For this new venture, Cantine Maschio brought its same careful, quality-minded approach to winemaking to the table. It collaborated with the esteemed University of Padova and the Enological School of Conegliano in a three-year experiment in order to find the perfect balance between the Glera and Pinot Noir grapes approved for the new rosé category. The latter grape can comprise up to 15 percent of the blend, adding elegance and complexity, Cescon says, without overshadowing the signature fruit-forward freshness of Glera. The final wine, he says, “satisfies even the most discerning palates with its rose color and distinct flavors and bouquet.”

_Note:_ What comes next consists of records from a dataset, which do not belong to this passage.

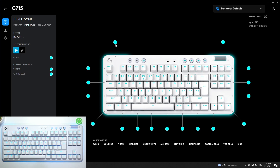Next you can create freestyle. Thanks to the freestyle feature you can manually select the LED light for each segment of the keyboard.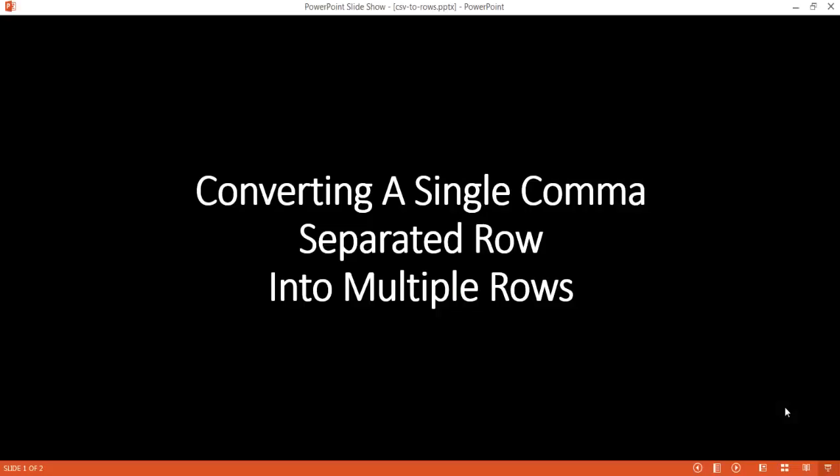Hi, in this video I'm going to show you how to create a single column separated row into multiple rows. So what do I mean by this?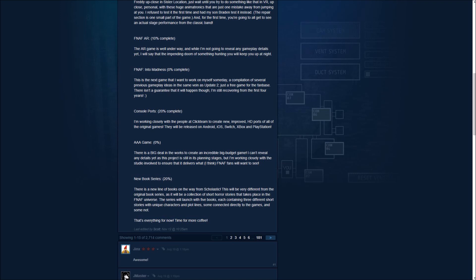So let's get on to the new book series. There is a new line of books on the way from Scholastic. This will be very different from the original book series as it will be a collection of short horror stories that takes place in the FNAF universe. The series will launch with five books. Each containing three different short stories with unique characters and plot lines. Some connected directly to the games. And some not. And you see that last post. That's everything for now. Time for more coffee.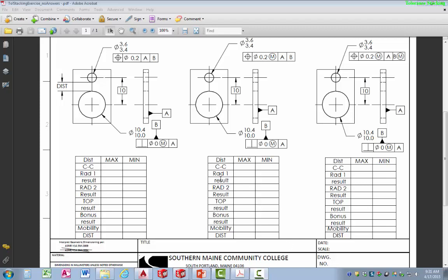I'm going to start with a very simple part. What I've done is represented the part three times, with the only difference being the feature control frame that controls the position of that small hole at the top of this plate. We simply have a small plate with two holes in it. Each of the holes has a tolerance for its size, and the small hole has a positional tolerance.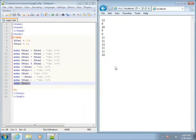So this video covered the arithmetic operators as well as incrementing and decrementing numbers in PHP.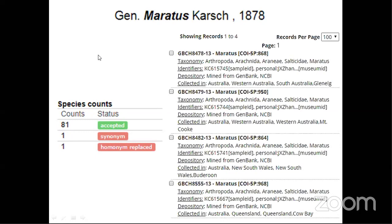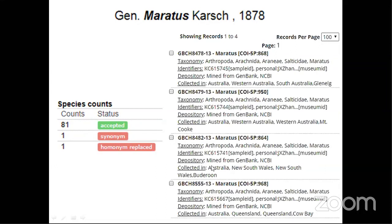Even for DNA barcoding data, there is very little for many groups. For example, Maratus peacock spiders endemic to Australia — this genus has 81 valid species, but we have only four sequences of cytochrome C oxidase I on the database. So based on morphology we have 81 species, with more recently added by workers like Michael Schubert. But the DNA barcode data is very little, with only four species represented, and not all have even been identified to species level.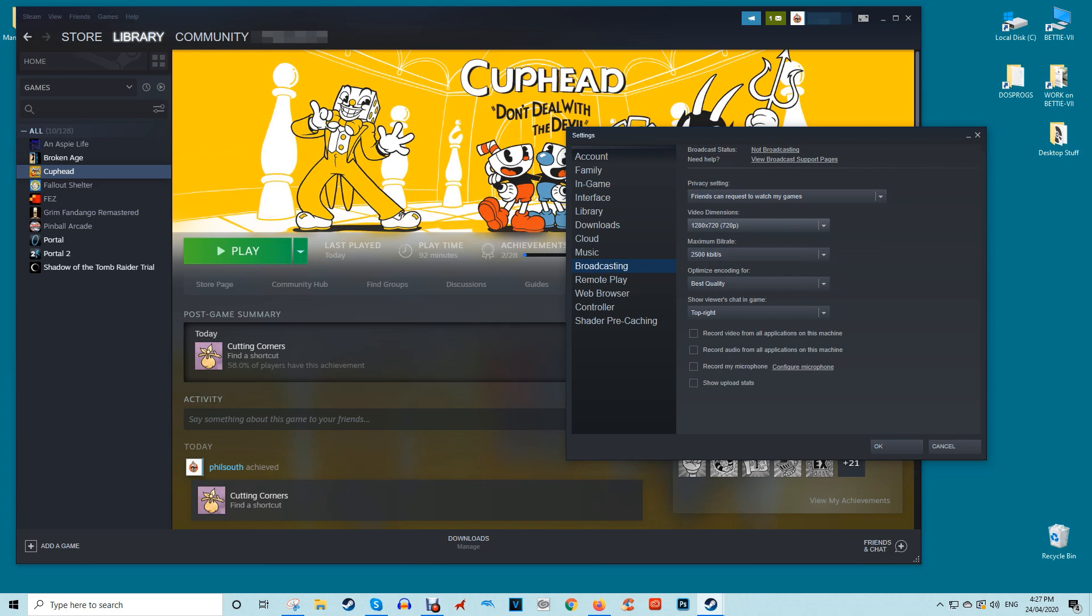You can make other changes here such as adjusting the video dimensions, lower the resolution if you experience latency or quality problems, maximum bit rate and encoding optimization either for quality or performance. When you're done making changes click OK.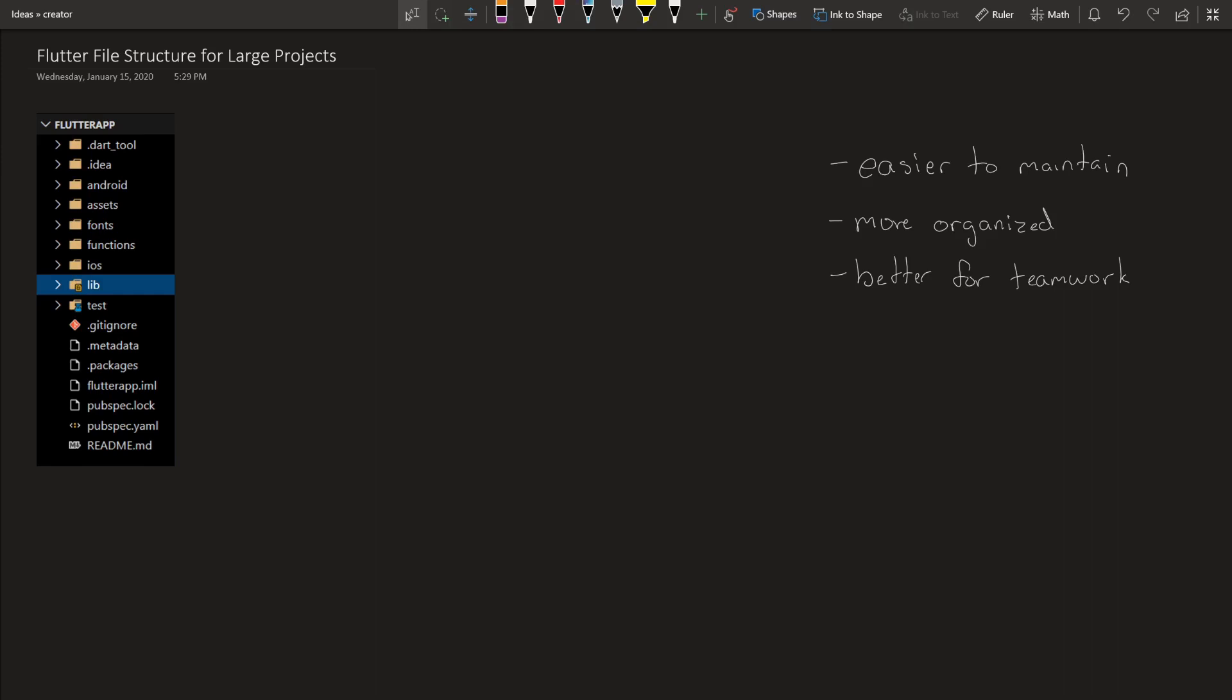Okay, so when you're creating a small Flutter project, you don't really need to worry about file structure or that much organization because you're probably the only one working, maybe one more person, but you know what's going on at all times. It's pretty easy. But when you get into larger projects, file structure is very, very important. It makes the code easier to maintain, more organized, and definitely better for teamwork.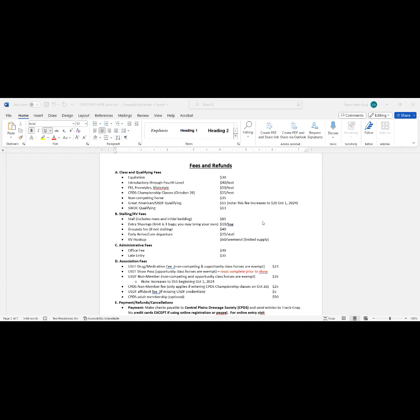The pass-through fees, those are the qualifying fees: Great American USDF and the SWDC qualifying fees. And those are pass-through. 100% of that goes right to the sponsoring organization to help them fund their year-end championship shows.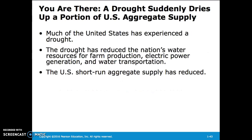In a real-world example of a shift inward of short-run aggregate supply, assume the United States has experienced a drought. The drought reduced the nation's water resources for farm production, electric power generation, and water transportation, so the U.S. short-run aggregate supply has reduced.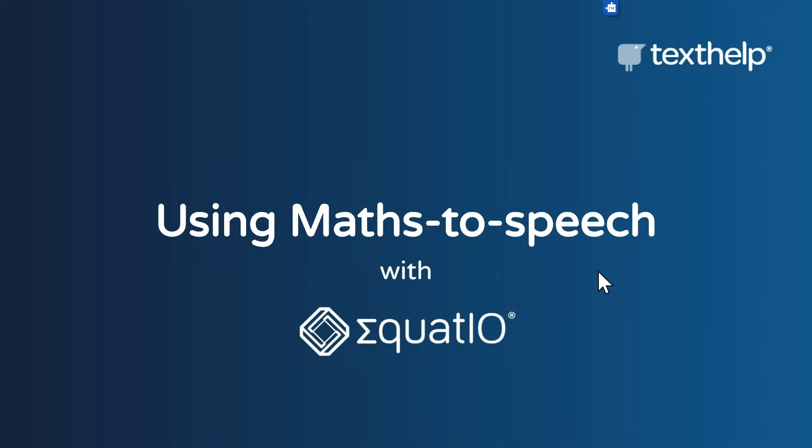Our EquatIO software is our math expression tool allowing students to input, create, and express math and science content in a range of different ways. As I mentioned, today we will be covering our math to speech function.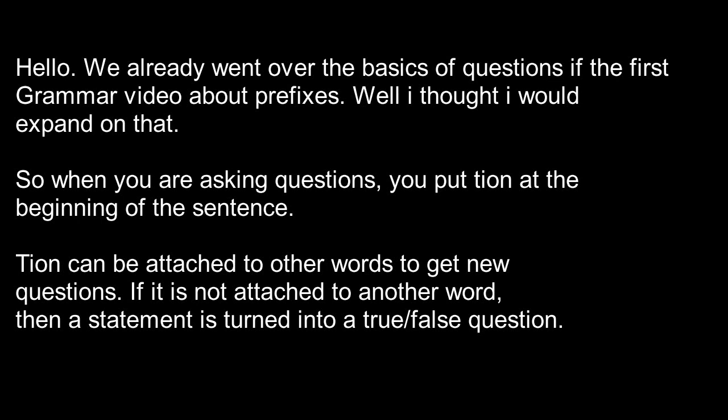Hello! We already went over the basics of creating questions in an earlier video. However, today I think I would like to expand on that.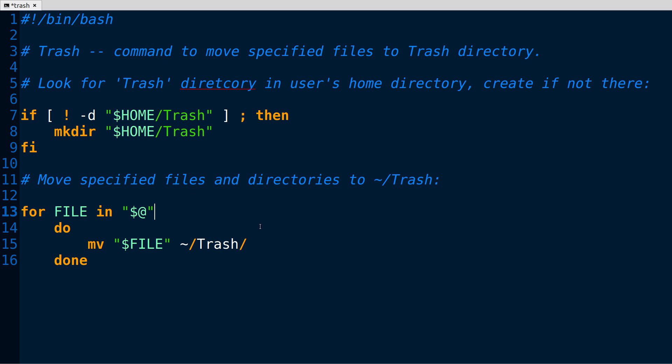Down here is really where it all happens. This is called a for loop and we use the for command and then we create a variable called file right here. That variable is being created when we type in the file names after the command. The shell automatically creates a variable right there that lists everything that you type in.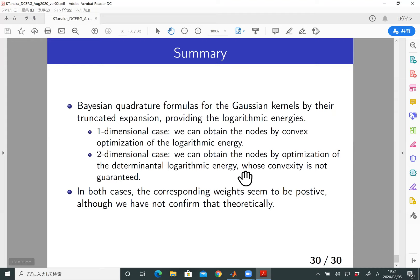The theoretical guarantees of these facts are topics for future work. That is all — thank you for your attention.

The Consortium estimated total Prosecco rosé production at 30 million bottles from January to May 2021, with export forecasts eventually reaching up to 80 percent. Since the category was introduced to the U.S. market in spring 2021, sales have not disappointed. According to Nielsen data from Aug. 14, in its first eight months stateside, Prosecco rosé represented $13.6 million in sales with 79,000 cases imported.
The sales speak of the pent-up demand for such an innovation in Prosecco, but behind that market success are producers such as Cantine Maschio who have long been stewards of their territory, their brands, and yet, have a vision for the future. For Cescon, that has been prioritizing sustainable practices in viticulture and in the winery, by reducing waste, conserving water and adhering to global benchmarks recognized by third-party certifications. Cantine Maschio’s Proseccos are also produced without GMO and gluten, suitable for vegan wine lovers.
All that attention translates to quality in the bottle. A slow secondary fermentation results in a fine perlage that gives it its trademark elegance. In the glass, Pinot Noir’s fresh red-berry flavors marry with Glera’s white flower and citric freshness for a full-bodied wine that can go from aperitif to casual dinner table.